— Вот, — заметила она, поднимая нарисованные брови, и показала грязные, с расквашенными носками пуанты, — развалились за один спектакль. Стелька сломалась — проходила полакта на пальцах. А потом эти пластыри… кровь… суставы, травмы, госпиталь, операция — забытая старость.
— Ты великая актриса, — возразил Генрих с ненужным внутренним раздражением.
И нарочито, как ему казалось, оставленные в двери ключи, и незавернутый кран, и игра, пришедшее на смену отчужденной сосредоточенности, — все вызывало у него неясную потребность одернуть.
— Сколько раз я глядел на сцену и… с каким-то ужасом — вот именно: ужасом! — говорил себе: да ведь это великая актриса! — повторил он.
— Мне это уже говорили, — негромко возразила она. — Но я не верю.

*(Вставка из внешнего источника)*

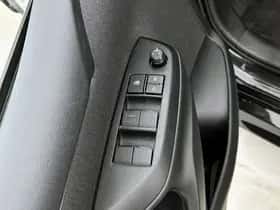 Toyota Yaris (2025) thumbnail 22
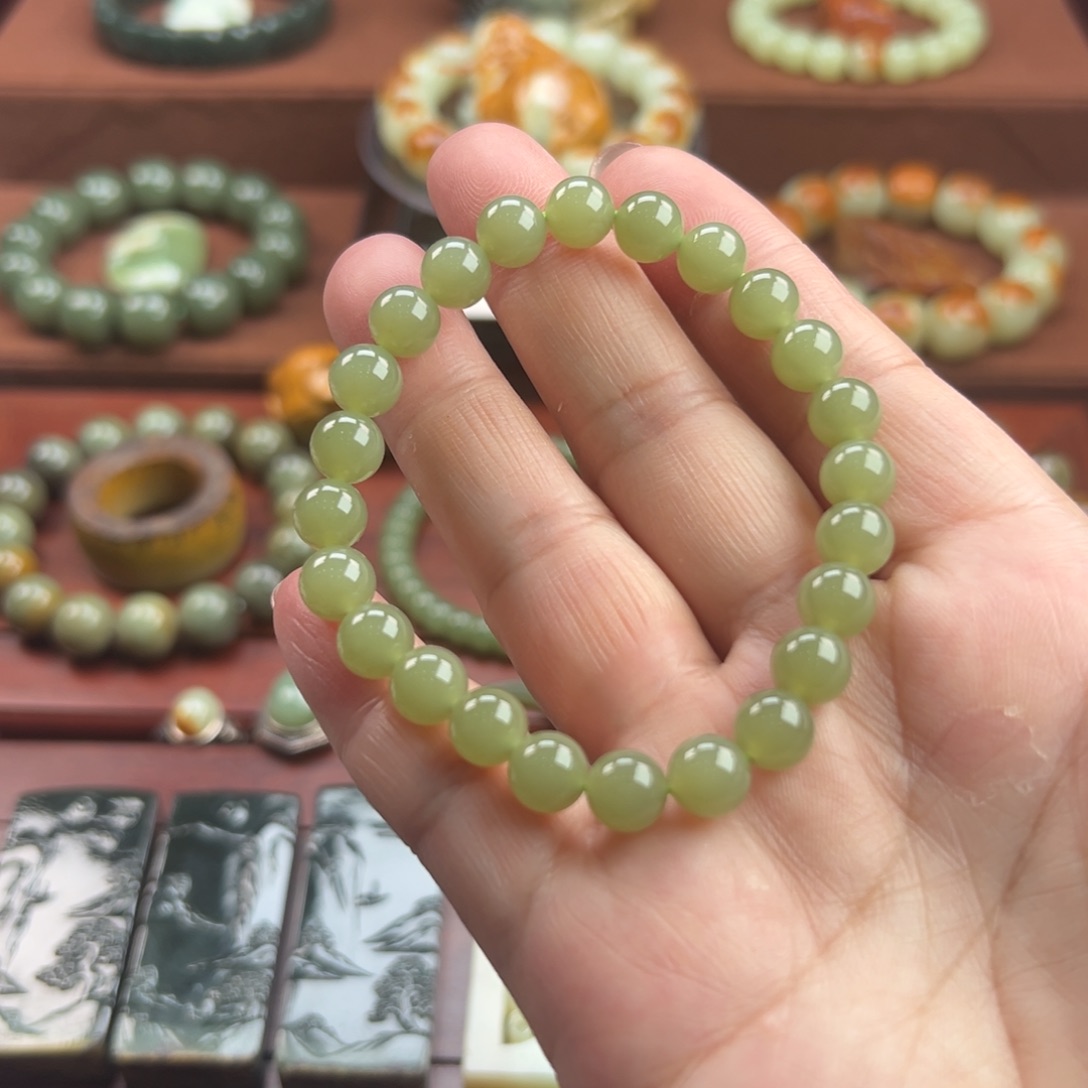 岫岩老玉（透闪石质玉）手链未镶嵌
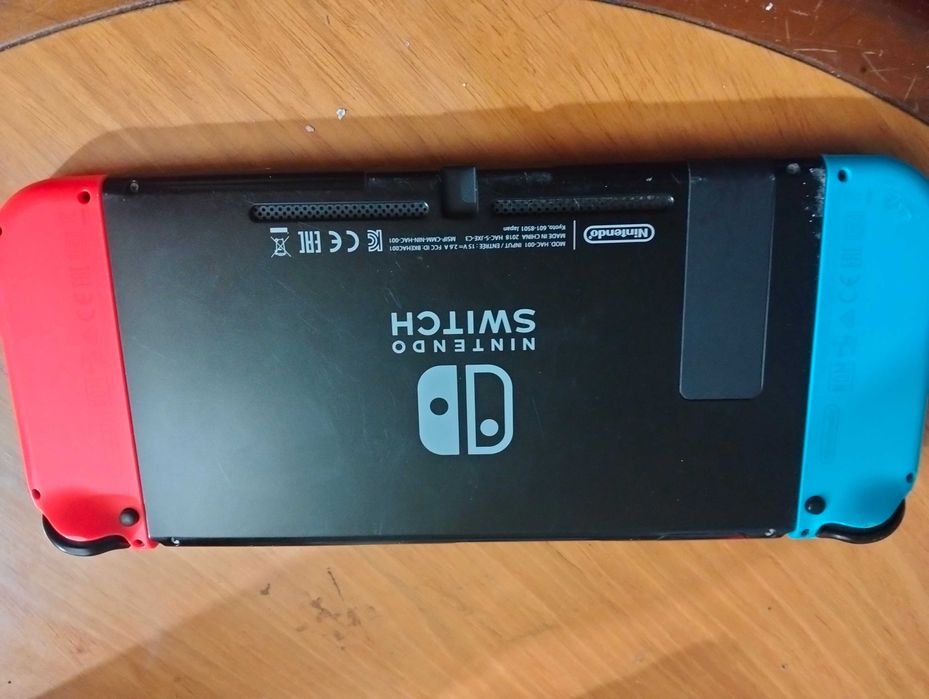 Nintendo Switch V1 Desbloqueada vendo ou troco aceito propostas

Ничего театрального не осталось. Она — и Генрих вынужден был это отметить — взвешивала его слова. Странным образом, вопреки принятому им тону, он почувствовал опасность. Он счел бы себя униженным, если бы эта актриска разглядела в нем то, в чем он и сам для себя не до конца разобрался. Поэтому он повторил, скрывая оттенки за горячностью выражения:
— Хотелось оглянуться — да видит ли это кто вообще? Ведь вот же оно, вот, черт возьми! Перед вами! Где у людей глаза?!
— Нельзя верить, — покачала она головой.
Две яркие лампы и зеркала беспощадно высвечивали морщинки, поры, жирные остатки краски на ресницах, залегшие в углах рта складки. Большой рот, большие глаза — всё рассчитанного на сцену размера, всё рассчитано на зал в тысячу мест.
Он подвинулся ближе и понизил голос до шепота:
— А зачем же ты веришь?
Она не стала отвечать, а переменила тон:
— Знаешь, как я смотрю на себя? Кассету, где меня сняли. Вот так! — Гибко припала к столу, заслонив лицо ладонью. — В у-у-зенькую щелочку. Первые пять минут что-то невыносимое… до отвращения. Не могу на себя смотреть. Понемногу раздвигаешь пальцы, или боком, искоса. Нужно время, чтобы притерпеться. Потом ничего. Можно. Я была, — живо перескакивала она с одного на другое, — недавно была в театре. Давно не ходила ни в какой театр. Первые пять минут я была просто потрясена неестественностью интонаций, этой… — не найдя слова, она помахала играющей рукой. — Меня все угнетало. Просто… не по себе. Как мурашки по телу, зуд — невозможно терпеть. А потом ничего, втянулась. Перестала замечать все это… что поначалу резало. И смотрела с таким увлечением. Получила огромное наслаждение. Огромное.
Синие глаза ее в синих тенях влажно сверкнули.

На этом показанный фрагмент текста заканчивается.